Directions: Please give an exact transcription of the lines below, from the one that contains "Used 2020 Chevrolet" to the very last, with no other lines.

Stored data:
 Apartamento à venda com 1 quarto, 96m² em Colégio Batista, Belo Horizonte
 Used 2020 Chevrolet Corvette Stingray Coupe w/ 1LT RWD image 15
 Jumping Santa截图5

Task response:
 Used 2020 Chevrolet Corvette Stingray Coupe w/ 1LT RWD image 15
 Jumping Santa截图5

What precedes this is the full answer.